Dem im Erneuerungsantrag erstmalig erhobenen Einwand der Schuldunfähigkeit und der damit verbundenen Antragstellung steht bereits die mangelnde Erschöpfung des Instanzenzugs entgegen (RIS-Justiz RS0122737).
Soweit Tamaz R***** mit erneuter Bezugnahme auf seine Erkrankung die Annahme der Qualifikation der Gewerbsmäßigkeit bekämpft und „auf Grund fehlender gesetzlicher Beweise“ eine Verletzung des Art 6 Abs 2 MRK behauptet, vernachlässigt er, dass das Erstgericht zu den vom Oberlandesgericht als unbedenklich eingestuften (US 5) Urteilsannahmen in freier Beweiswürdigung gelangte (§ 258 Abs 2 StPO). Mit seiner Argumentation sucht der Erneuerungswerber demnach bloß unzulässig die Beweiswürdigung, nunmehr des Rechtsmittelgerichts, zu bekämpfen, ohne eine Verletzung der Unschuldsvermutung begründet darzulegen.
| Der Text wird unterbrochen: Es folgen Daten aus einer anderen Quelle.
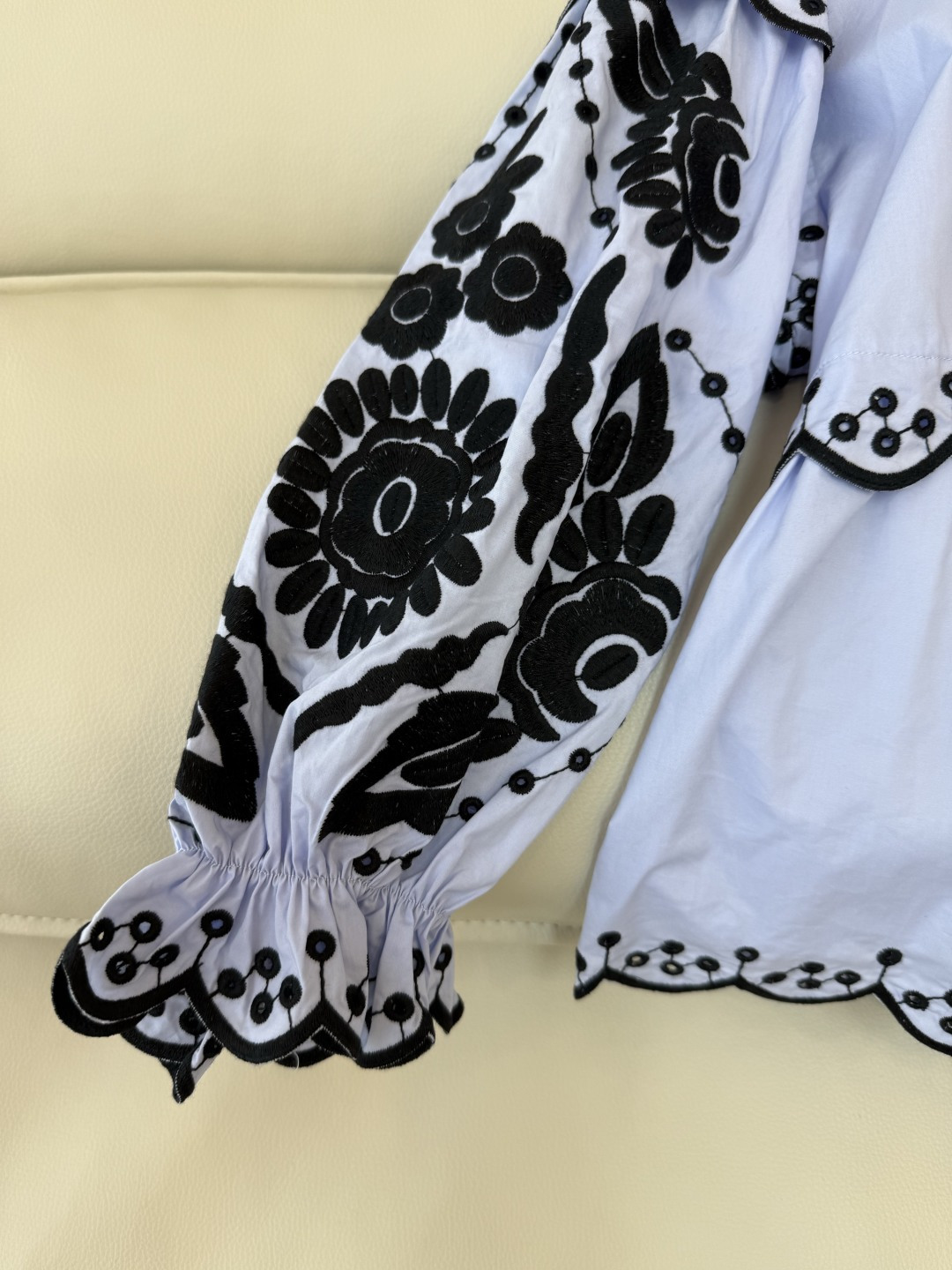 ES009#新款上衣💕ES 镂空绣花 立体长袖开衫上衣 黑色 蓝色 SML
Gleiches gilt für das Vorbringen der Erneuerungswerberin Marina D*****, die in Wiederholung ihres Berufungsvorbringens ihre nach Auffassung des Oberlandesgerichts mängelfrei festgestellte Mittäterschaft (US 5) nunmehr erstmalig unter Bezugnahme auf das bereits thematisierte kleptomanische Leiden des Tamaz R***** bestreitet.
Die Anträge auf Erneuerung des Strafverfahrens waren daher bereits bei nichtöffentlicher Beratung zurückzuweisen (§ 363b Abs 1 und Abs 2 Z 3 StPO).